**Records for the task:**
=== Begin Enclosure ===

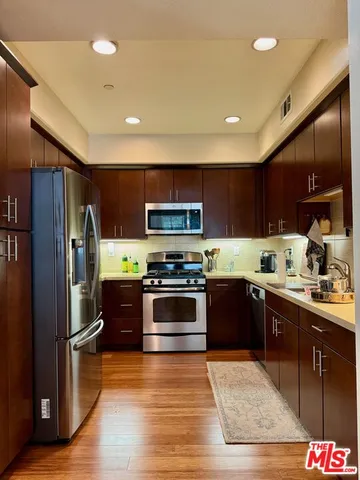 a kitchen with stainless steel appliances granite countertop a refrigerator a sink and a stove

=== End Enclosure ===
=== Begin Enclosure ===

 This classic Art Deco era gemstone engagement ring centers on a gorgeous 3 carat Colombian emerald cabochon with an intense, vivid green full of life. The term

=== End Enclosure ===
=== Begin Enclosure ===

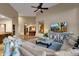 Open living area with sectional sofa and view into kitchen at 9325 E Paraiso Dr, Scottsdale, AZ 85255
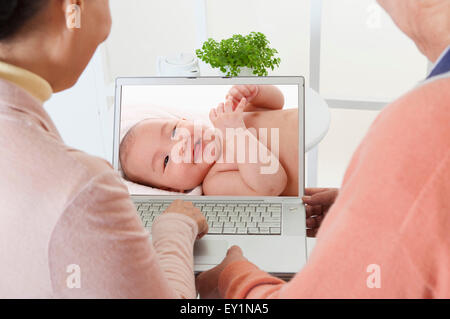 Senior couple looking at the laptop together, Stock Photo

=== End Enclosure ===

**Goal of the exercise:** Within the entries above, give again exactly the lines starting at the one that contains "Open living area" and ending at the one that contains "Senior couple looking", leaving out the pictures.

**Answer below:**
 Open living area with sectional sofa and view into kitchen at 9325 E Paraiso Dr, Scottsdale, AZ 85255
 Senior couple looking at the laptop together, Stock Photo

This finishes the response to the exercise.